“Anna’s Life” takes top prize at Spain’s 31st Cinema Jove

“Anna’s Life” takes top prize at Spain’s 31st Cinema Jove

PanARMENIAN.Net - Georgian Nino Basilia’s slice of life social drama “Anna’s Life” took the top Golden Moon prize at Spain’s 31st Cinema Jove Festival, Variety reports.

The biggest film event in Valencia, Spain’s third-biggest city, Cinema Jove focuses on indie-style first and second features.

The Golden Moon plaudit carries a cash prize of €30,000 ($33,177), awarded to the title’s distributor in Spain, a vital sweetener many times at Cinema Jove whose winners tends to be edgier and praiseworthy but still little-known world cinema titles.

World premiering at Sweden’s Goteborg Fest, “Life” turns on the travails of Anna, a single mother trying to raise her autistic son and emigrate illegally to the U.S. Sold internationally by Paris-based New Morning films, “Anna’s Life” is produced by Studio99 in Tbilisi. Cinema Jove’s Golden Moon is its second prize after a Merit Award at early May’s Construir Cine test in Buenos Aires

Cinema Jove’s special jury mention went to Serbian director Nicola Ljuca’s “Humidity” which world premiered at the Berlin’s 2016 Forum.

Movie turns on a successful businessman whose wife disappears, a fact he tries to hide. Why he does so gives the film much of its tension, as it opens up to become a portrait of his family, friends, business and Belgrade politics. Ljuca has described the film as a portrait of a generation which opposed Slobodan Milosevic and seemed poised to change Serbia after his fall in 2000, but instead went into business as capital flowed into Serbia.

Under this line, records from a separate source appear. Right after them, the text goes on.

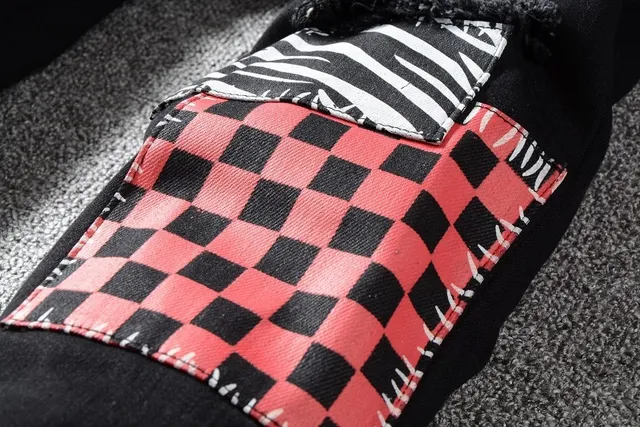 Jeans noirs distressed avec patchwork et rivets 11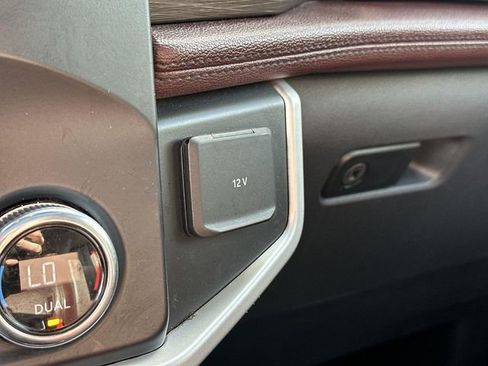 Used 2022 Ford Expedition Limited image 41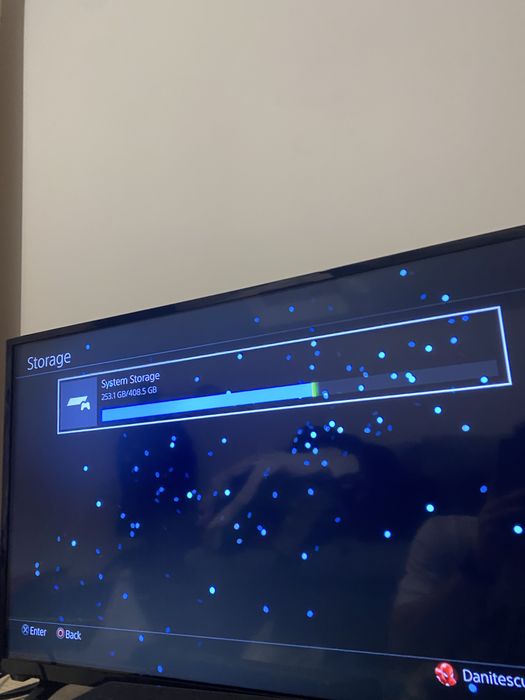 Vand ps4 500GB cu un controller si 3 jocuri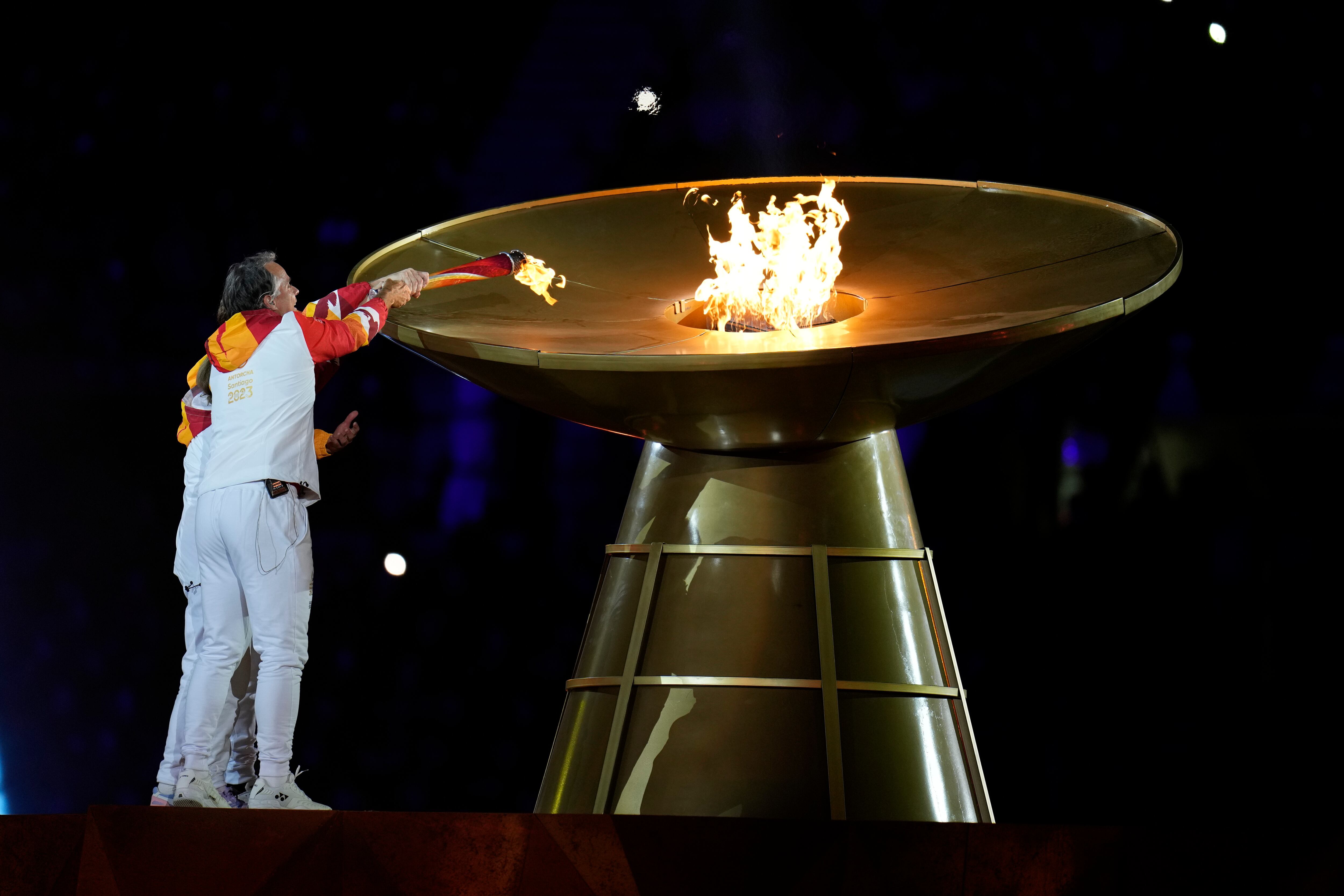 Un solo de batería de Juanita Parra, integrante del legendario grupo de rock local Los Jaivas, puso fin a la espera de cuatro años y dio la bienvenida a más de 6.900 deportistas procedentes de 41 países dio inicio de la ceremonia. Le siguieron varios grupos folclóricos y más rock con Los Jaivas, Los Bunkers y Los Tres.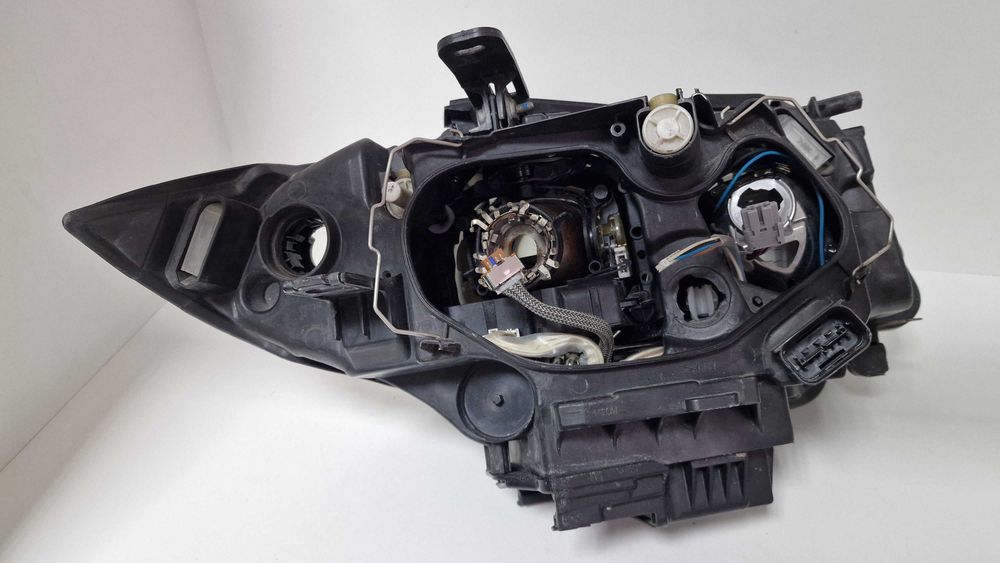 БМВ Е87 Е81 ксенон фар ляв BMW 1 серия E87 E81 E82 E88 xenon DYNAMIC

A new talent showcase, Cinema Jove’s past guests include Bryan Singer who visited Cinema Jove with his debut “Public Access” and Nicolas Winding Refn who received its Luna de Valencia prize in 2007, four years before “Drive.”

This year, up-and-coming Spanish actress Ingrid García-Jonsson, star of Jaime Rosales’ Un Certain Regard player “Beautiful Youth,” and Daniel Grao, a star of Fernando González Molina’s “Palm Trees in the Snow,” Spain’s biggest B.O. hit of 2016, both picked up Future of Cinema awards.

Cambodia-born auteur Rithy Panh, who was Oscar-nominated for “The Missing Picture,” received the Cinema Jove Honorary Moon Award.

Cinema Jove ran June 17-24. Fest closed with Rodrigo Grande’s heist thriller “At the End of the Tunnel,” starring Leonardo Sbaraglia (“Wild Tales”).